━━━ Data to process

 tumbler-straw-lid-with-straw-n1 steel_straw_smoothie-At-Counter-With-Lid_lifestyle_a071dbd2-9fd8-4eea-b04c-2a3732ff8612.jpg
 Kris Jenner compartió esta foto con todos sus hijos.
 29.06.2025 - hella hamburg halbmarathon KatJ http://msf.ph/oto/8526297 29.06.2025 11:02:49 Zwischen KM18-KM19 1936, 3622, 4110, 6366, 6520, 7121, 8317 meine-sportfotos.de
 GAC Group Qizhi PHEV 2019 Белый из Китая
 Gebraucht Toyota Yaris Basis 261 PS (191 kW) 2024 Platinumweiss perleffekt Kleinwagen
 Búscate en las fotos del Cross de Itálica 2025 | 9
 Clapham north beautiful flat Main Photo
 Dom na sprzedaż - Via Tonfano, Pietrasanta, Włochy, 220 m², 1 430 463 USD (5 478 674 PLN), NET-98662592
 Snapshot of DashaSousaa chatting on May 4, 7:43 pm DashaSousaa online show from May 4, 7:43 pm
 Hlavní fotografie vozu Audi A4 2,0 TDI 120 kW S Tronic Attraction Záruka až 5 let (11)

━━━━━━

→ **Your goal**
The answer must consist solely of the lines from the first line of the data to the line holding "GAC Group Qizhi PHEV 2019 Белый из Китая", each given again exactly.

→ **Response for this exercise**
 tumbler-straw-lid-with-straw-n1 steel_straw_smoothie-At-Counter-With-Lid_lifestyle_a071dbd2-9fd8-4eea-b04c-2a3732ff8612.jpg
 Kris Jenner compartió esta foto con todos sus hijos.
 29.06.2025 - hella hamburg halbmarathon KatJ http://msf.ph/oto/8526297 29.06.2025 11:02:49 Zwischen KM18-KM19 1936, 3622, 4110, 6366, 6520, 7121, 8317 meine-sportfotos.de
 GAC Group Qizhi PHEV 2019 Белый из Китая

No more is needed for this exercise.